-------- DATA SECTION
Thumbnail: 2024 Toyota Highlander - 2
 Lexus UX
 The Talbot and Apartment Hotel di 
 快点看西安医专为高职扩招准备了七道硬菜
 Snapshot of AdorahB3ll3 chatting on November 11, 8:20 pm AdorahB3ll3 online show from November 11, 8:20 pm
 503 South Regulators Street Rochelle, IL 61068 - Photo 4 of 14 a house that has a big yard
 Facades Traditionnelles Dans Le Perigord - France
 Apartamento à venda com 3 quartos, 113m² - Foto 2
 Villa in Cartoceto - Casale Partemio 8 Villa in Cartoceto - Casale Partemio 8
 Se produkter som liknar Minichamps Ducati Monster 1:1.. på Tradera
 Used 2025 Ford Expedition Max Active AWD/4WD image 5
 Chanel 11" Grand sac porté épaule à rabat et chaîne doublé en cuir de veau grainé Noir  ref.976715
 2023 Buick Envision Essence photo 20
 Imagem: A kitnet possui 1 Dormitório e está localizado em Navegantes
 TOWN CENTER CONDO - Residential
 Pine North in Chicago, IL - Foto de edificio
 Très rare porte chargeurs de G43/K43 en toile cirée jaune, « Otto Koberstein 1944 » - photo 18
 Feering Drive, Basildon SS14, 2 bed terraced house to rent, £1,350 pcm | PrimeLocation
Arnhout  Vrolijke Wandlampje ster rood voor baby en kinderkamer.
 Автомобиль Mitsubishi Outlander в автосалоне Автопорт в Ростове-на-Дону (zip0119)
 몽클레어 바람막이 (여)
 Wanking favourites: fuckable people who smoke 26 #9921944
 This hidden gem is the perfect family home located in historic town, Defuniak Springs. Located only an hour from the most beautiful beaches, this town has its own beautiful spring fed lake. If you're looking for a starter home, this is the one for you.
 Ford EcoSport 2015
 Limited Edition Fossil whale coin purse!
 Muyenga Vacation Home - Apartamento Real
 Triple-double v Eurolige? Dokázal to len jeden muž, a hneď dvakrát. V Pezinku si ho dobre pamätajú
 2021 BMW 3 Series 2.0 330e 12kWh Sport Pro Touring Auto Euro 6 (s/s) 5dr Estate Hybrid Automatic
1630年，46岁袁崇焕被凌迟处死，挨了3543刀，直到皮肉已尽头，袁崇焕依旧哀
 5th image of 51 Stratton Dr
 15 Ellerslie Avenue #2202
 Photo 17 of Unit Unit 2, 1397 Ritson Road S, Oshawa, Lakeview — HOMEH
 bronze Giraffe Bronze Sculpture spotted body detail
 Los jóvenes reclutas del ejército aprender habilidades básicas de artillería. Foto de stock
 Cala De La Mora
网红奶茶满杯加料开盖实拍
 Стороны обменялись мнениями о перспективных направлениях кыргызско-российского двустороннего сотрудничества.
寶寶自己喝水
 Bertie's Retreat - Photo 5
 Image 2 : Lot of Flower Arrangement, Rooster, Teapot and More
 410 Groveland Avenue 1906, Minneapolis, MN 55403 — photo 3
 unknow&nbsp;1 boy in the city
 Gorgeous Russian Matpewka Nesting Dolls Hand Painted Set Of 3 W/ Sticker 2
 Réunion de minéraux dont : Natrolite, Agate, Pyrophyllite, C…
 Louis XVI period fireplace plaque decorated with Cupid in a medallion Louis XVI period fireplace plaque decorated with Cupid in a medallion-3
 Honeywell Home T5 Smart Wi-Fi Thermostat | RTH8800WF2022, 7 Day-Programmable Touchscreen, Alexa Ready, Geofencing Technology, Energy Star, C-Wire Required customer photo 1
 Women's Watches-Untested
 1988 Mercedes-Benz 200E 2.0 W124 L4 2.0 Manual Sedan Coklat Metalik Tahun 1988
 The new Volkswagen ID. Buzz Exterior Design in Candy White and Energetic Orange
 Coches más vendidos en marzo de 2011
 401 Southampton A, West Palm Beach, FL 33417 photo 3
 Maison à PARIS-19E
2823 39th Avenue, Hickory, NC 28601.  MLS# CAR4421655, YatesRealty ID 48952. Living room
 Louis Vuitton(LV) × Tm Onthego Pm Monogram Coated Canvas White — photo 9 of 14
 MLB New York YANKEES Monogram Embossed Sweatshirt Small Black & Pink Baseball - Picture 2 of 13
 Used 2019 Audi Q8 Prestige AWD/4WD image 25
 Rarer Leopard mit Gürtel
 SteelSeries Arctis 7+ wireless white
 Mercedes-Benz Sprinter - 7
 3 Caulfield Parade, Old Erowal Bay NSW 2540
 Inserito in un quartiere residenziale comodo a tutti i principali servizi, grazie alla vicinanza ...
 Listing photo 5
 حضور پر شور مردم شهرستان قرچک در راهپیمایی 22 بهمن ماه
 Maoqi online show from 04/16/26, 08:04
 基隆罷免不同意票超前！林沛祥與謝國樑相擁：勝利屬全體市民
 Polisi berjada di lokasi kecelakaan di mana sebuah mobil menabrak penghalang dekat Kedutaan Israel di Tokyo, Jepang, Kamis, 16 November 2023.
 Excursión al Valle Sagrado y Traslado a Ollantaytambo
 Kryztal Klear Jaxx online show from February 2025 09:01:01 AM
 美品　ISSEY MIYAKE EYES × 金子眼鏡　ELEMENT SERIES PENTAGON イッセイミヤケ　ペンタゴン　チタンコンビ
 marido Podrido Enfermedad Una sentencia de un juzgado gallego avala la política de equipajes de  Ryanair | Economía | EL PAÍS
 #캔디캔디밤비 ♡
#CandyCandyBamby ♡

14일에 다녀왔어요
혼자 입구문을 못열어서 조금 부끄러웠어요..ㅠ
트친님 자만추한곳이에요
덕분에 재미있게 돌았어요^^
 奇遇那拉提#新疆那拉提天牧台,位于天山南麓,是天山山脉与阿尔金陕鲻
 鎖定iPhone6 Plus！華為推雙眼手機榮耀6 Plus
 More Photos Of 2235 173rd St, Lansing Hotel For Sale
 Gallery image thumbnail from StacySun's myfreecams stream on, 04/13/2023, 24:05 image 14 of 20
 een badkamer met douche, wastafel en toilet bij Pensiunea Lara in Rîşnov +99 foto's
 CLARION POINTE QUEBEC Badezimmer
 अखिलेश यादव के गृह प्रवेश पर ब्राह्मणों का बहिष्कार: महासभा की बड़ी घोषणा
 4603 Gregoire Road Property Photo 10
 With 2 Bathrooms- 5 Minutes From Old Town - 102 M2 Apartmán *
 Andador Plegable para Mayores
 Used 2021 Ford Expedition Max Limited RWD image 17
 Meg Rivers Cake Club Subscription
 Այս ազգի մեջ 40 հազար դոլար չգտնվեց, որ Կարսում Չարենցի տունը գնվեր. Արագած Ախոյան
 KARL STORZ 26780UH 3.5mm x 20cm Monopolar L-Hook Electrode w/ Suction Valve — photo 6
----------------
** TASK STATEMENT **
All lines that include the word "Expedition" must be copied from the material above.

** OUTPUT FOR THIS TASK **
 Used 2025 Ford Expedition Max Active AWD/4WD image 5
 Used 2021 Ford Expedition Max Limited RWD image 17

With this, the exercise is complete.